- **TASK BRIEF**: Without any pictures, print the lines below from the one that has "Property slide 44" through the one that has "Used 2025 Chevrolet Trax LT image 54", exactly and nothing else.

- **DATASET CONTENT**:
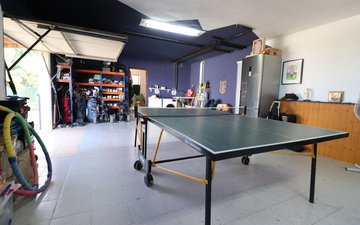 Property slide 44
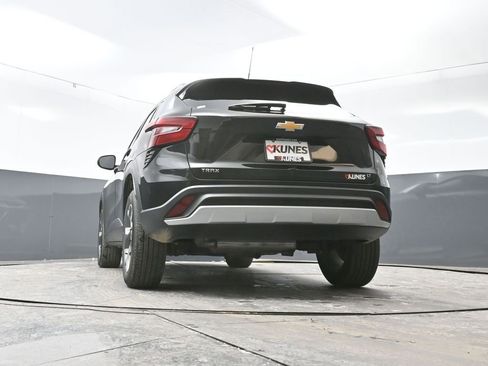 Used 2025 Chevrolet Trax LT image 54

* * *

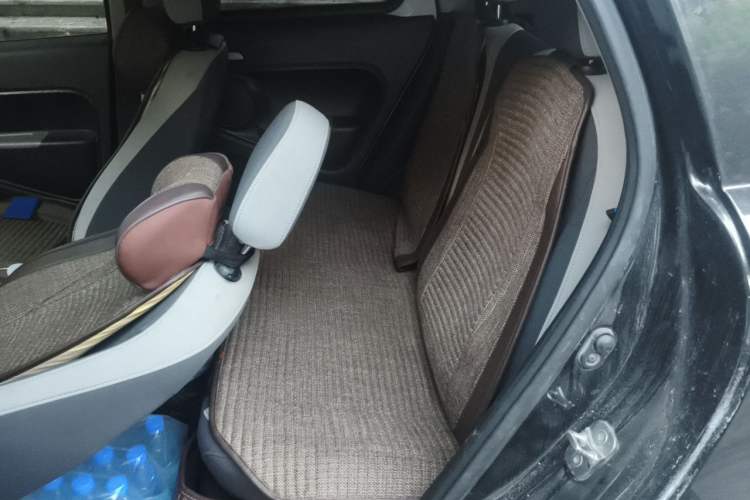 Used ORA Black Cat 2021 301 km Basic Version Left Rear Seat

- **RESULT**:
 Property slide 44
 Used 2025 Chevrolet Trax LT image 54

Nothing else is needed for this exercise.